Hinzu kam, so Lewis, dass der Kekskonzern der migrantischen Arbeiterschaft entgegenkam. "Es war einer der ersten Orte in Britannien, der regelmäßig Musik aus Indien spielte. Vor allem in Londoner Fabriken gab es viele aus Indien eingewanderte Arbeiter. Die wollten indische Popularmusik und Bollywood-Soundtracks hören."

Ausstrahlungskraft auch nach dem Ende

Das Ende des Programms erfolgte 1979: Das Klima habe sich damals gewandelt, unterstreicht Rotifer. 1978 kam Margaret Thatcher an die Macht. Arbeiter seien durch Roboter ersetzt worden; die brauchten keine Musik mehr zur Motivation.
Außerdem habe das Radio die Frische der Anfangsjahre verloren und klang "ein bisschen altmodisch". Die Aufsplitterung der Popwelt jenseits der Charts habe es für die Macher nicht einfacher gemacht, die verschiedenen neuen Musikgeschmäcker zu bedienen.

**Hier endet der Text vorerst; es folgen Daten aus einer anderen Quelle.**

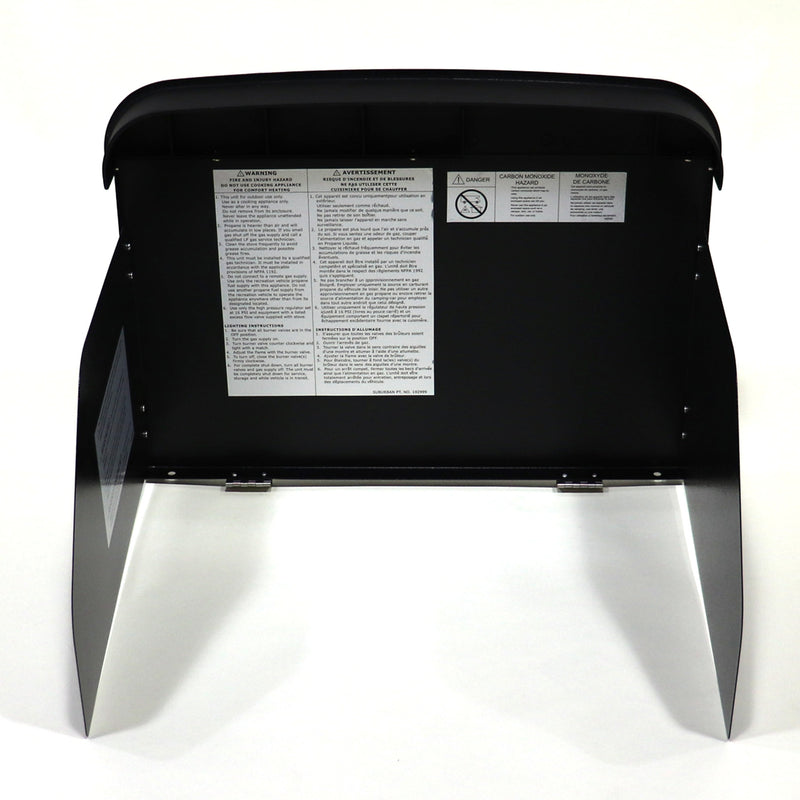 Stove Cover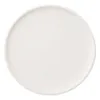 A white plate on a white background. Náhľad obrázku produktu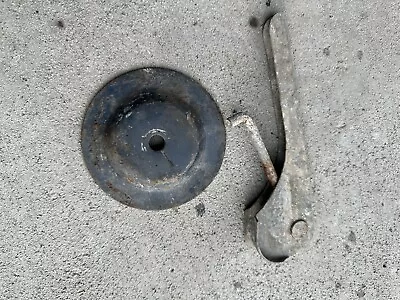 Volvo P1800 1800 S Jensen Spare Wheel Holder • $49.99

Rückblickend sei es interessant, so Rotifer, dass viele ehemalige DJs des UBN bei neuen kommerziellen Sendern oder der BBC unterkamen und dort teilweise sehr prominent wurden. "Insofern zog das Keksradio in seinem Nachlass tatsächlich sehr weite Kreise durch das britische Radiogeschehen", so Rotifer.